• **What is required**: Please repeat exactly the lines below from the line with "2252 Granite Ct, Alamo, CA 94507" to the line with "Used 2023 Jeep Wrangler Sport image 23", including both, and leave out every picture.

• **Data extracts**:

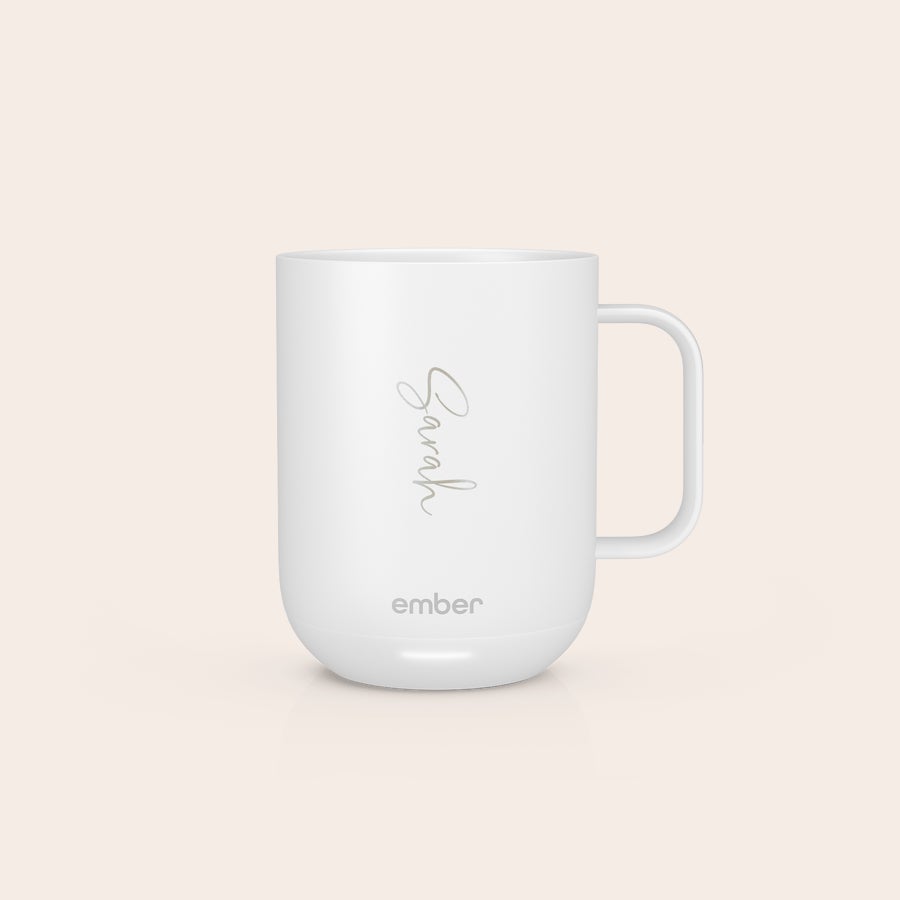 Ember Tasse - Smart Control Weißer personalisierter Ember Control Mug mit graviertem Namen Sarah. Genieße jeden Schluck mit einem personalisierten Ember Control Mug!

---

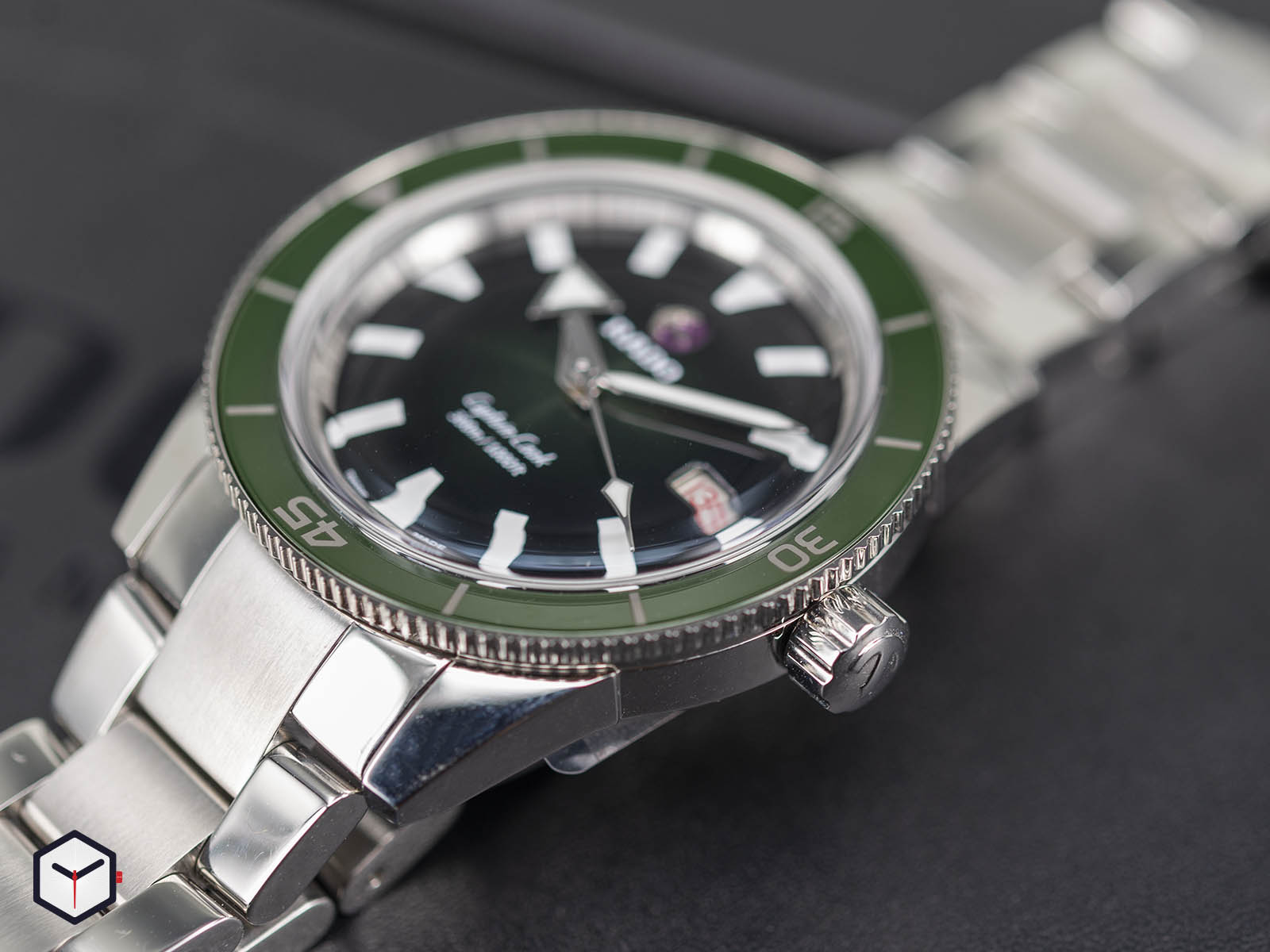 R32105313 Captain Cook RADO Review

---

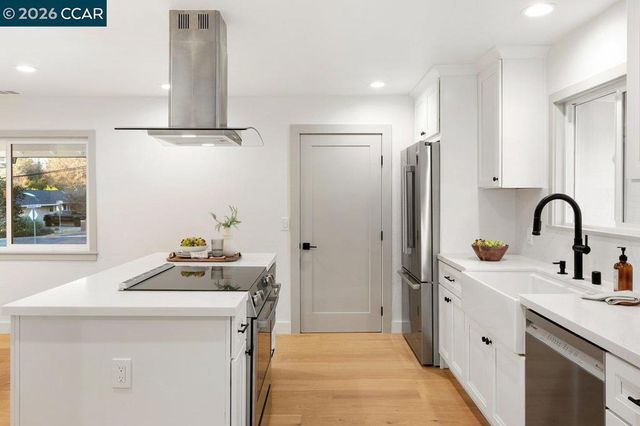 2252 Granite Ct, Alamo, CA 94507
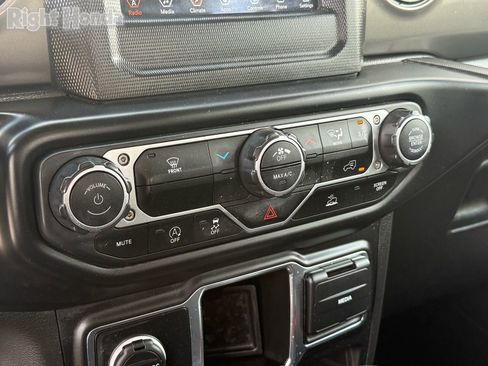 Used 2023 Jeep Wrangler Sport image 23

• **Answer below**:
 2252 Granite Ct, Alamo, CA 94507
 Used 2023 Jeep Wrangler Sport image 23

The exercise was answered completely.